YOUR INSTRUCTIONS:
Your answer must be the records below, repeated exactly, with every picture left out.

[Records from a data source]
====================

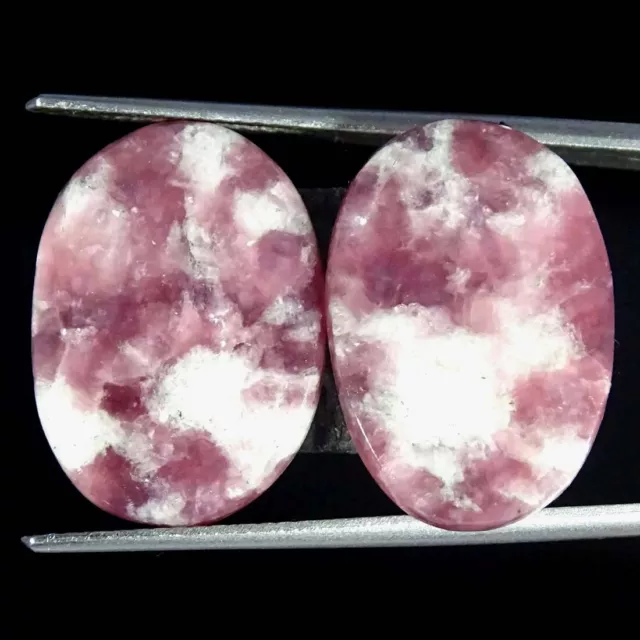 19.40Cts Natural Pair Lepidolite Loose Oval Cabochon Gemstones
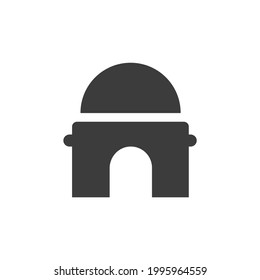 Dom Tower Icon Isolated on Black and White Vector Graphic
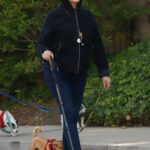 Cybill Shepherd in a Black Hoodie Walks Her Dog in Los Angeles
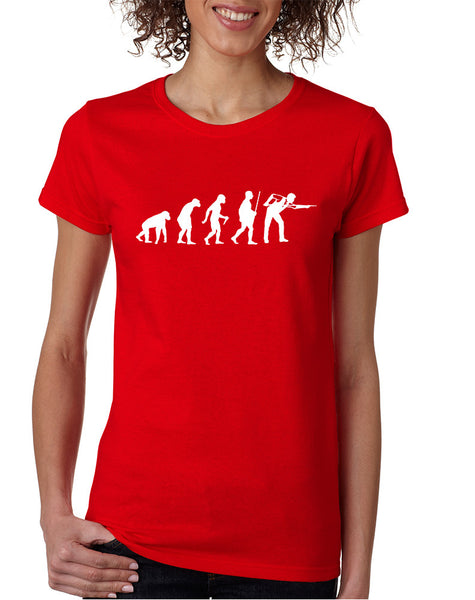 Women's T Shirt Pool Snooker Evolution Cool Billiards Tee
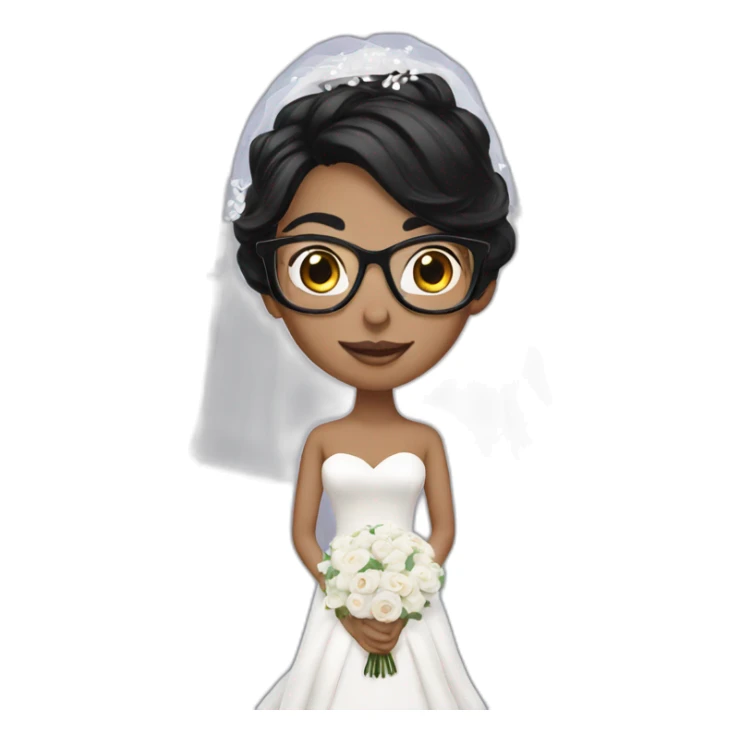 a bride with black hair and glasses sticker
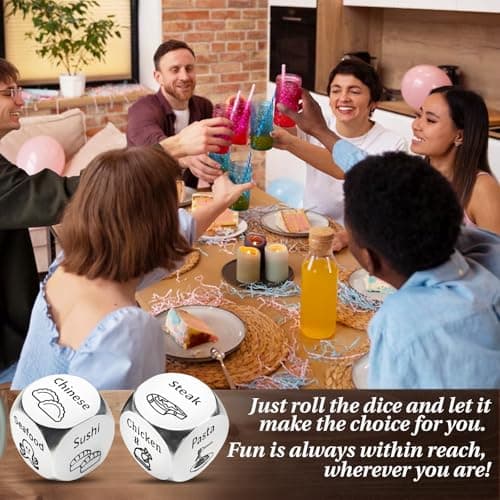 Aursy Mother s Day Gifts for Women, 2PCS Date Night Food Dice, Gifts for Men Father Day, Birthday Gifts for Him Kids Women Adults Mens Gifts, Couple Wedding - Thumbnail 4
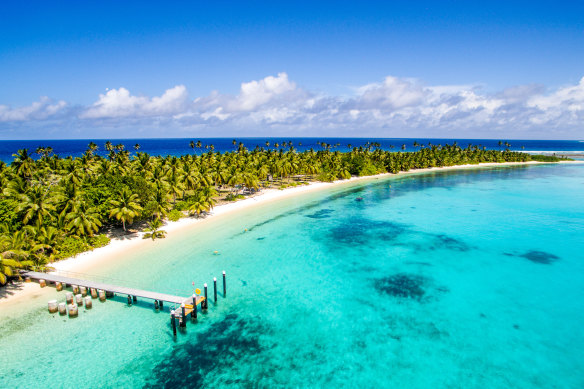 The paradisiacal leaf-shaped Direction Island of the Cocos (Keeling) group, 2750 kilometres north-west of Perth.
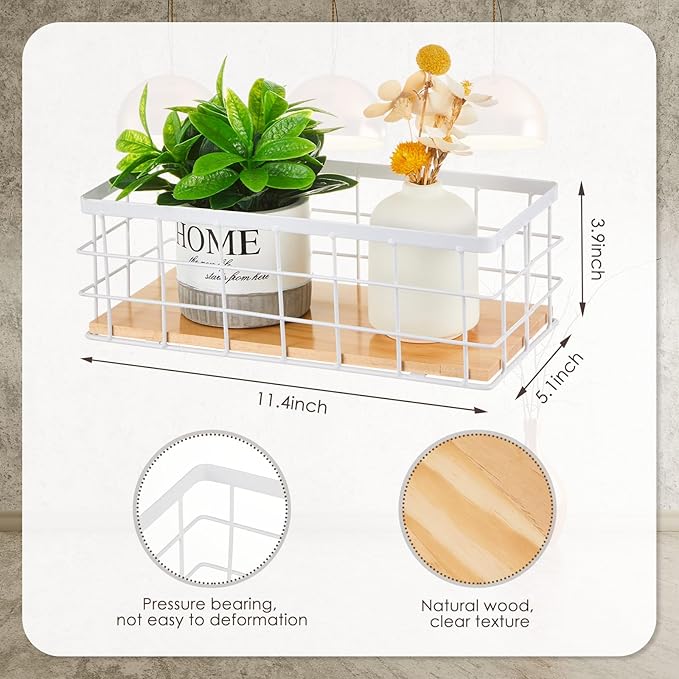 Funrous 2 Pcs Metal Small Wire Basket Wall Hanging Wire Basket Hang Small Bathroom Kitchen Storage Organizer Toilet Paper Mes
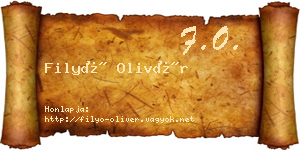 Filyó Olivér névjegykártya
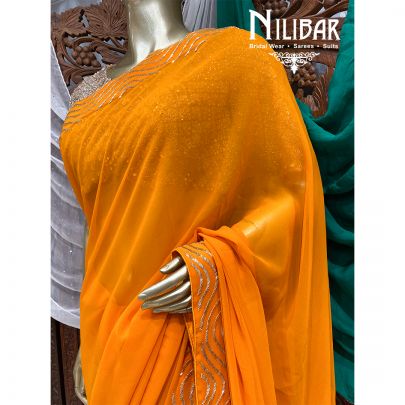 Carrrot Orange Georgette Saree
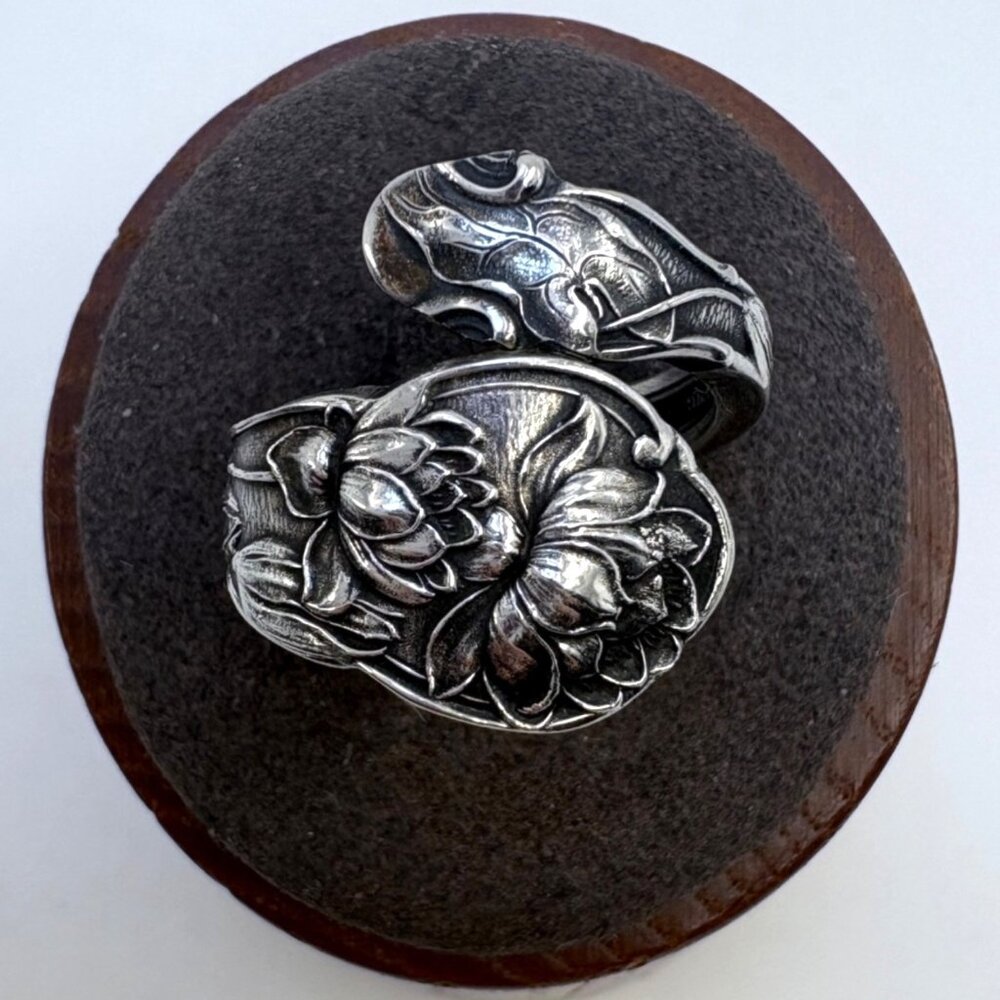 VTG Solid Sterling Silver 925 Bypass Design Floral Spoon Ring Size 6.75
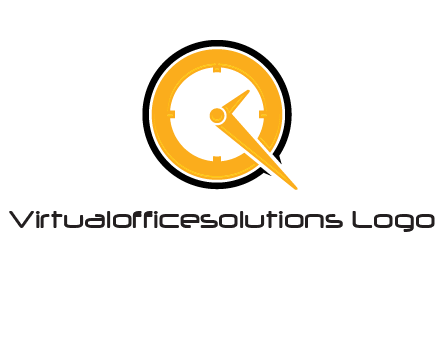 Clock icon in Letter Q logo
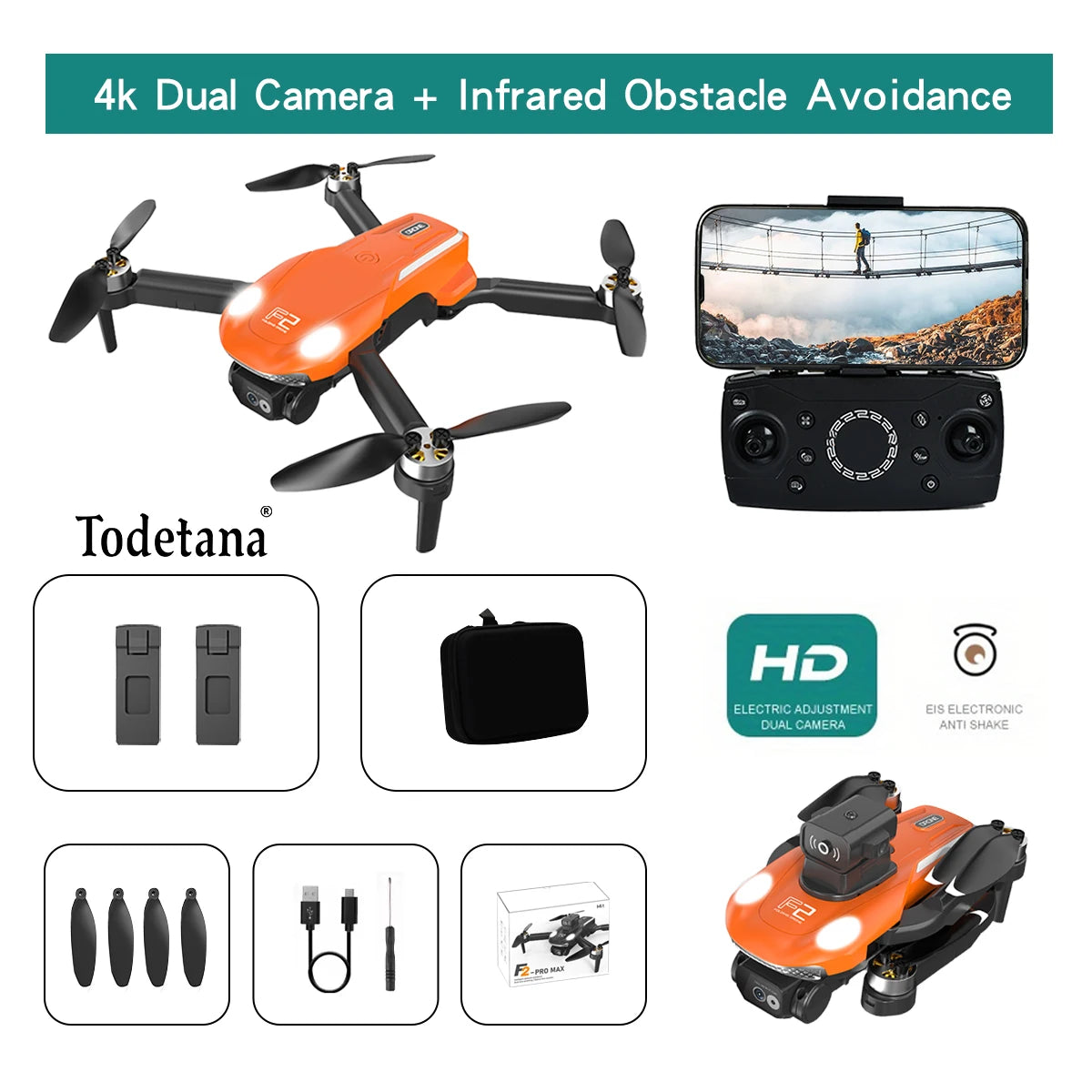 طائرة بدون طيار F2 بدقة 4K Ultra HD تتبع أوضاع طيران ذكية عمر بطارية طويل تصميم قابل للطي للتصوير الجوي أثناء السفر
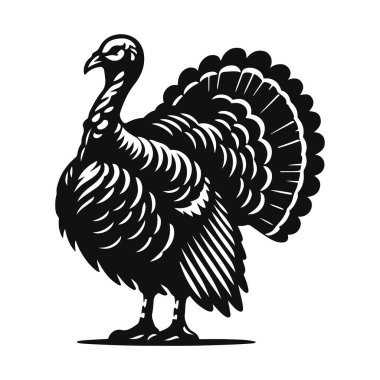 Çiftlik yaban hayatı klipleri ve kuş doğası sanatı için ayakta duran hindi siluetinin vektör çizimi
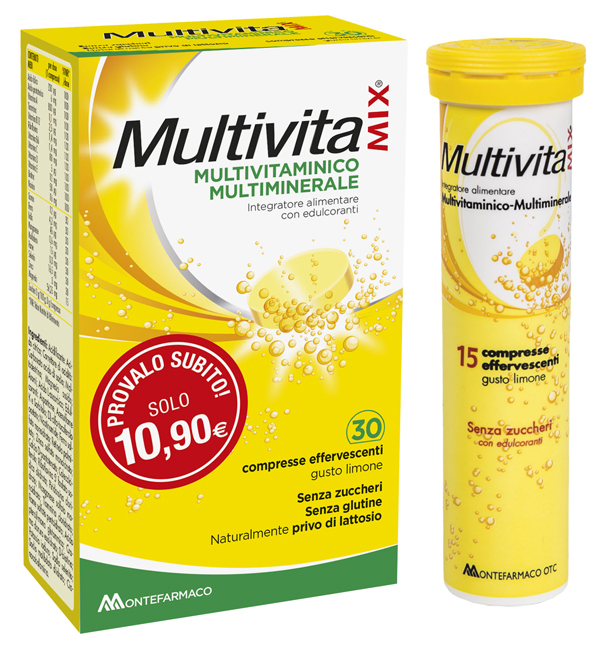 MULTIVITAMIX EFFERVESCENTE SENZA ZUCCHERO E SENZA GLUTINE 30 COMPRESSE - Farmacianuova.eu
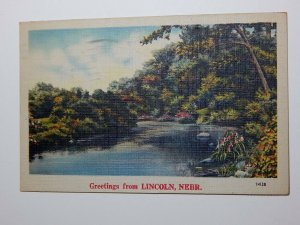 Vintage 1940s GREETINGS FROM LINCOLN NEBRASKA Scenic River Postcard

====================

OUTPUT FOR THIS EXERCISE:
 19.40Cts Natural Pair Lepidolite Loose Oval Cabochon Gemstones
 Dom Tower Icon Isolated on Black and White Vector Graphic
 Cybill Shepherd in a Black Hoodie Walks Her Dog in Los Angeles
 Women's T Shirt Pool Snooker Evolution Cool Billiards Tee
 a bride with black hair and glasses sticker
 Aursy Mother s Day Gifts for Women, 2PCS Date Night Food Dice, Gifts for Men Father Day, Birthday Gifts for Him Kids Women Adults Mens Gifts, Couple Wedding - Thumbnail 4
 The paradisiacal leaf-shaped Direction Island of the Cocos (Keeling) group, 2750 kilometres north-west of Perth.
 Funrous 2 Pcs Metal Small Wire Basket Wall Hanging Wire Basket Hang Small Bathroom Kitchen Storage Organizer Toilet Paper Mes
 Filyó Olivér névjegykártya
 Carrrot Orange Georgette Saree
 VTG Solid Sterling Silver 925 Bypass Design Floral Spoon Ring Size 6.75
 Clock icon in Letter Q logo
 طائرة بدون طيار F2 بدقة 4K Ultra HD تتبع أوضاع طيران ذكية عمر بطارية طويل تصميم قابل للطي للتصوير الجوي أثناء السفر
 Çiftlik yaban hayatı klipleri ve kuş doğası sanatı için ayakta duran hindi siluetinin vektör çizimi
 MULTIVITAMIX EFFERVESCENTE SENZA ZUCCHERO E SENZA GLUTINE 30 COMPRESSE - Farmacianuova.eu
 Vintage 1940s GREETINGS FROM LINCOLN NEBRASKA Scenic River Postcard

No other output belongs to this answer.